The error also regularly appears when you would never have thought that a \item command might be appropriate. For example, the seemingly innocent:

\fbox{%
  \begin{alltt}
    boo!
  \end{alltt}%
}
produces the error (the same happens with \mbox in place of \fbox, or with either of their “big brothers”, \framebox and \makebox). This is because the alltt environment uses a “trivial” list, hidden inside its definition. (The itemize environment also has this construct inside itself, in fact, so \begin{itemize} won’t work inside an \fbox, either.) The list construct wants to happen between paragraphs, so it makes a new paragraph of its own. Inside the \fbox command, that doesn’t work, and subsequent macros convince themselves that there’s a missing \item command.

To solve this rather cryptic error, one must put the alltt inside a paragraph-style box. The following modification of the above does work:

\fbox{%
  \begin{minipage}{0.75\textwidth}
    \begin{alltt}
      hi, there!
    \end{alltt}
  \end{minipage}
}
The code above produces a box that’s far too wide for the text. One may want to use something that allows variable size boxes in place of the minipage environment.

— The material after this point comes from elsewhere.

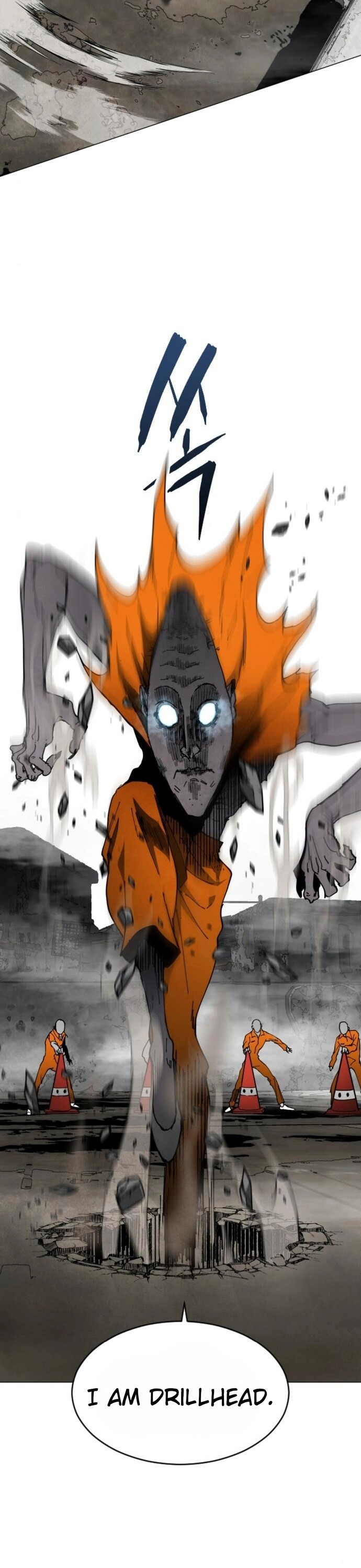 Read Fog Land Manga Online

Oddly, although the verbatim environment wouldn’t work inside a \fbox command argument (see verbatim in command arguments), you get an error that complains about \item: the environment’s internal list bites you before verbatim has even had a chance to create its own sort of chaos.

Another (seemingly) obvious use of \fbox also falls foul of this error:

\fbox{\section{Boxy section}}
This is a case where you’ve simply got to be more subtle; you should either write your own macros to replace the insides of LaTeX’s sectioning macros, or look for some alternative in the packages discussed in “The style of section headings”.